**HOW TO COMPLETE THIS TASK:**
Only the pictures should be left out; repeat the rest of the data exactly.

**DATA EXCERPT:**
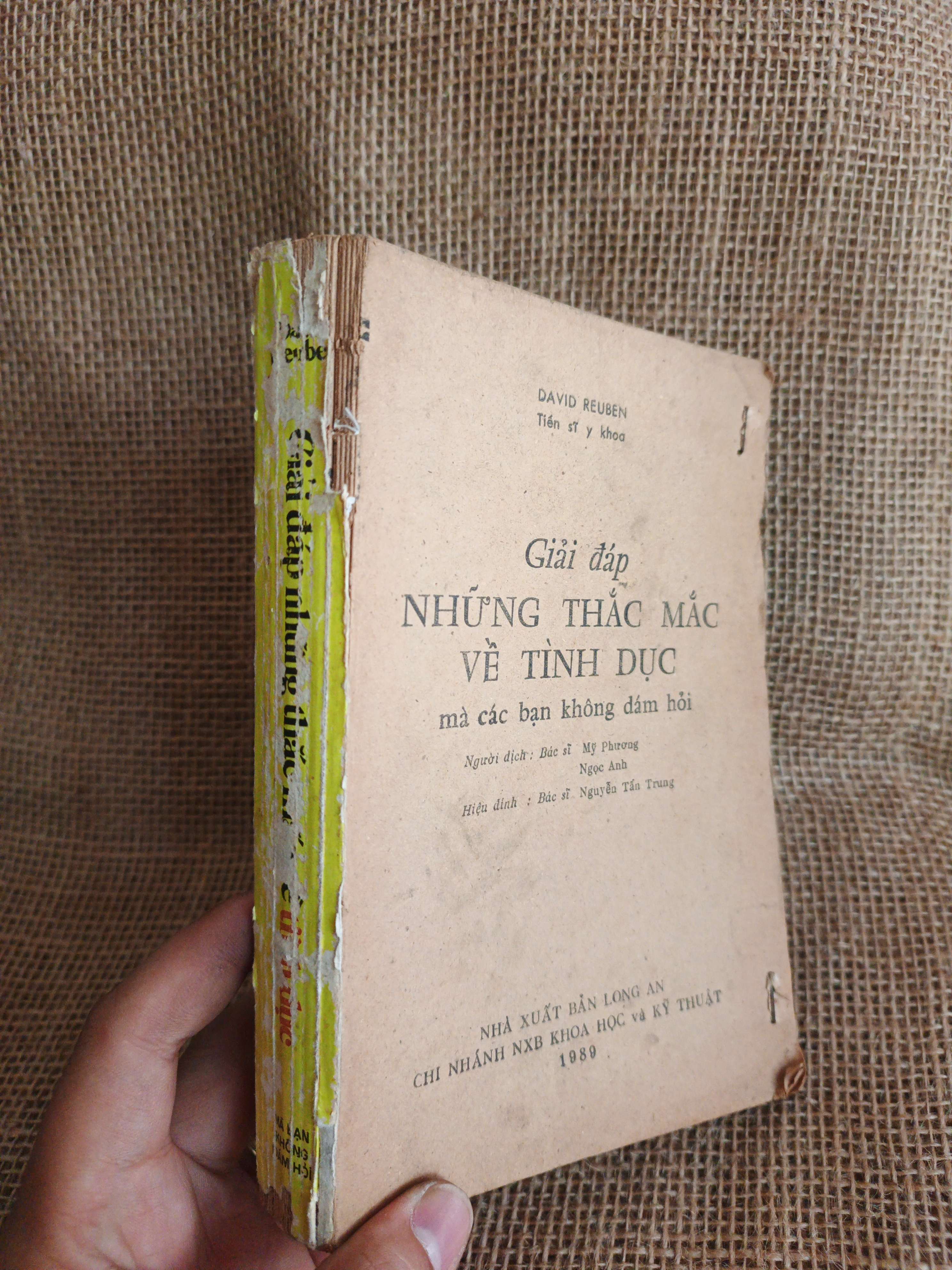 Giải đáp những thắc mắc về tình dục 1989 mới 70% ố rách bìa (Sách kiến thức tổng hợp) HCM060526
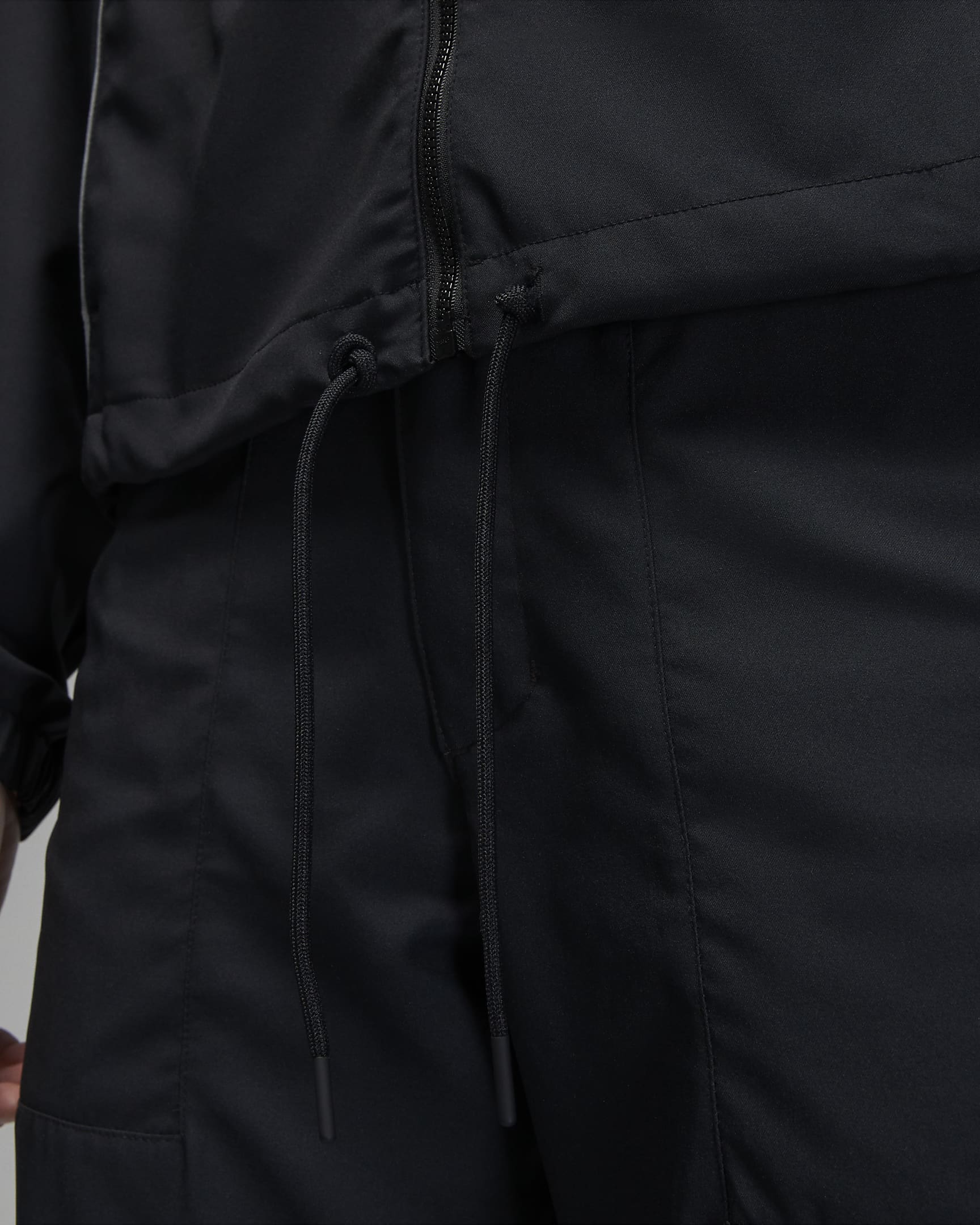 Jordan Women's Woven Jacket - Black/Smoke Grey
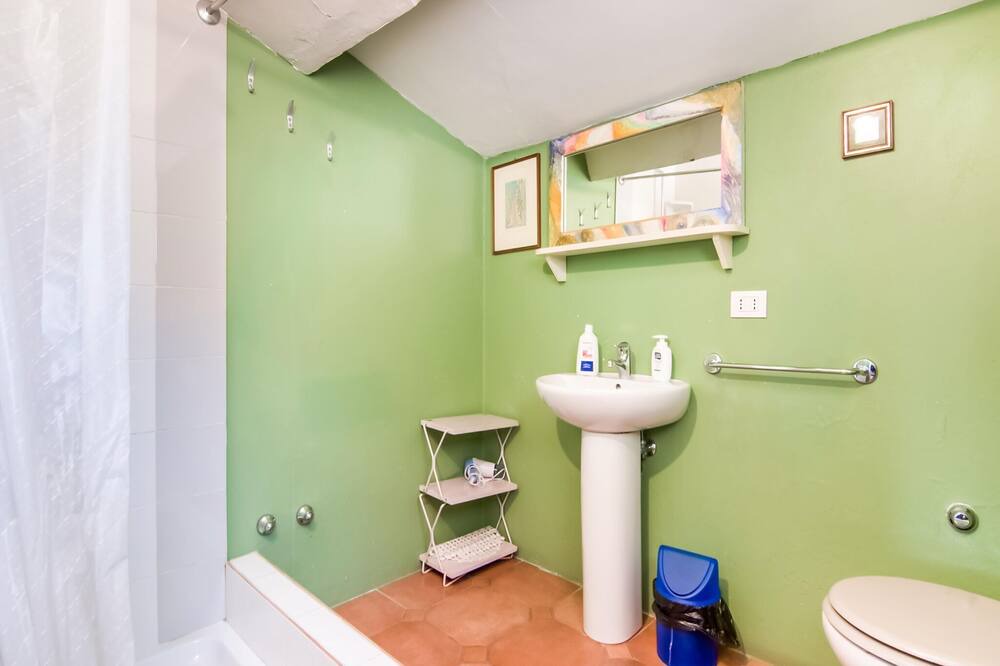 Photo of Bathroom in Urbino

**COMPLETED EXERCISE:**
 Giải đáp những thắc mắc về tình dục 1989 mới 70% ố rách bìa (Sách kiến thức tổng hợp) HCM060526
 Jordan Women's Woven Jacket - Black/Smoke Grey
 Photo of Bathroom in Urbino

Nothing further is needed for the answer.